* _THE TASK_
Only the lines from the one containing "Correa De Acero" through the end of the data are wanted, reproduced exactly and without pictures.

* _RAW DATA_
*** Block opens ***
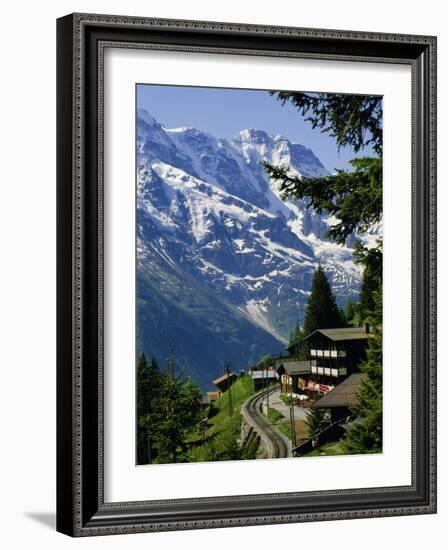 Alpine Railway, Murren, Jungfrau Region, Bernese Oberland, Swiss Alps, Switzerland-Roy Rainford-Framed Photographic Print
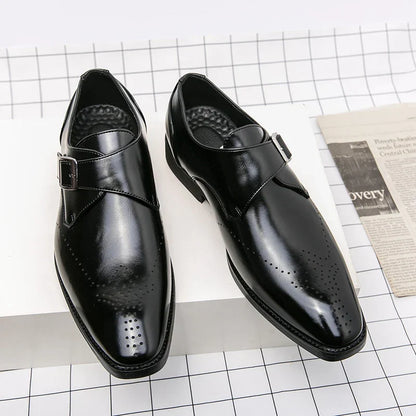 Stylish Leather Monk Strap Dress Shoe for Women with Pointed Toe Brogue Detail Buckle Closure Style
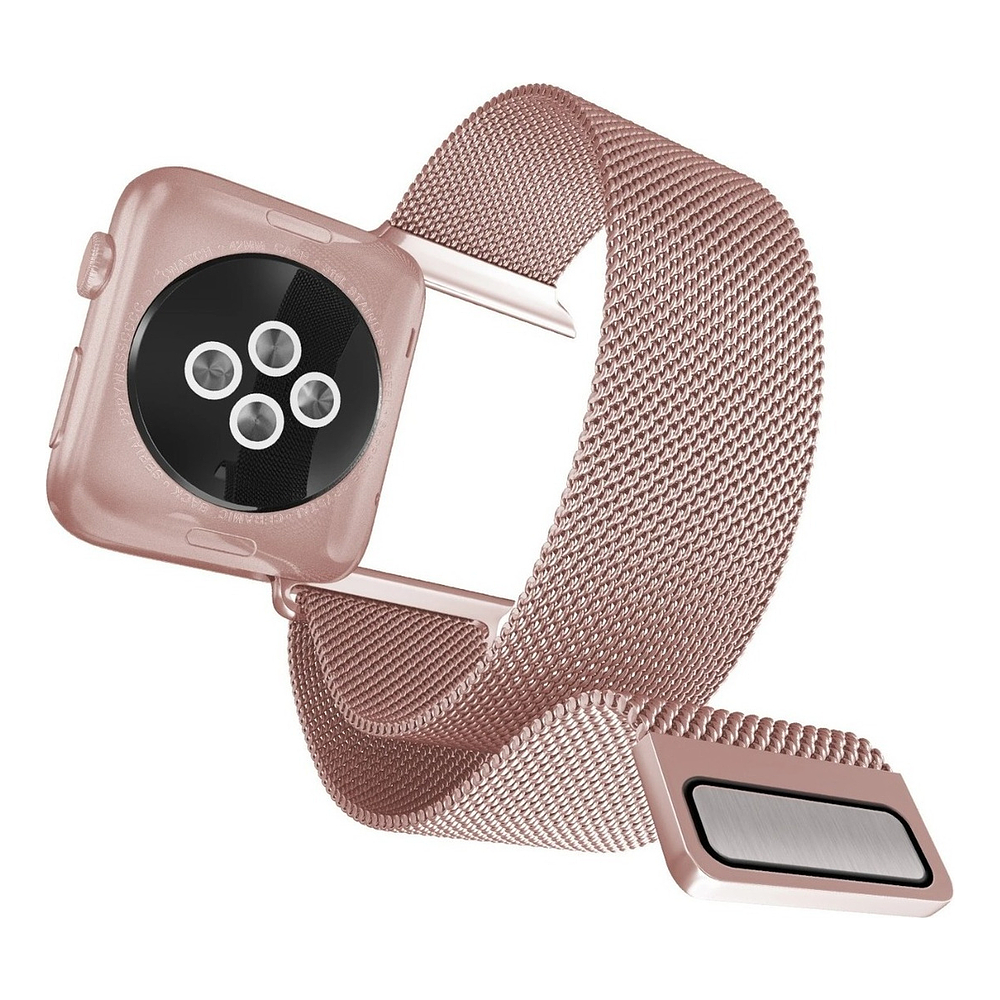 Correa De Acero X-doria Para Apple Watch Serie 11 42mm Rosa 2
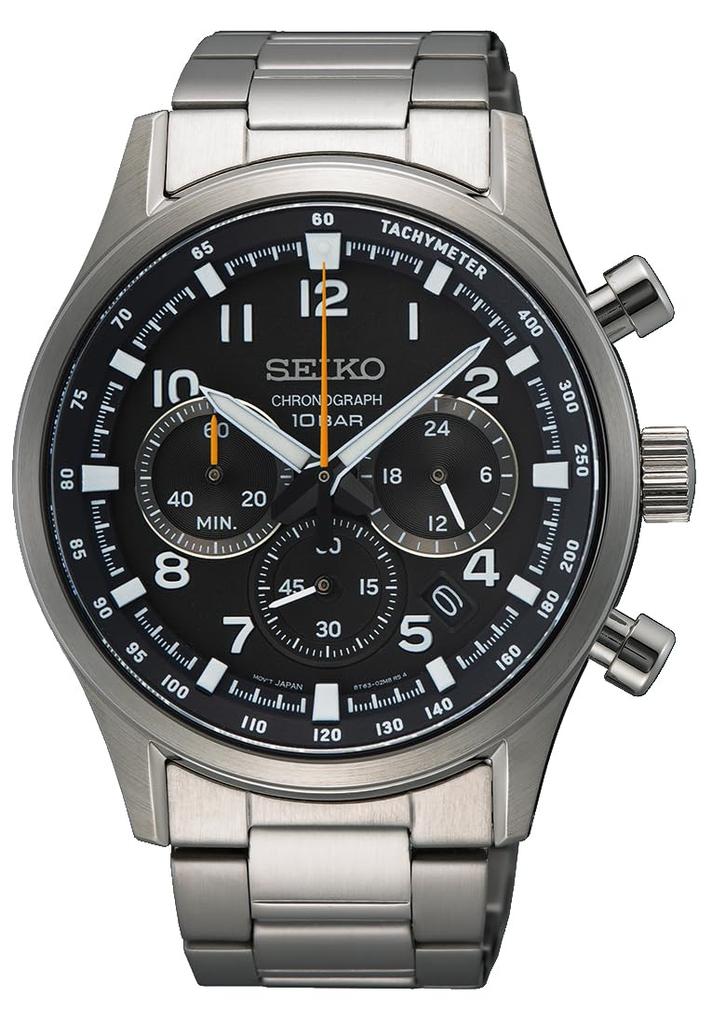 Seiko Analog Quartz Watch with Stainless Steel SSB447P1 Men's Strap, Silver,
*** Block closes ***
* _YOUR SOLUTION_
 Correa De Acero X-doria Para Apple Watch Serie 11 42mm Rosa 2
 Seiko Analog Quartz Watch with Stainless Steel SSB447P1 Men's Strap, Silver,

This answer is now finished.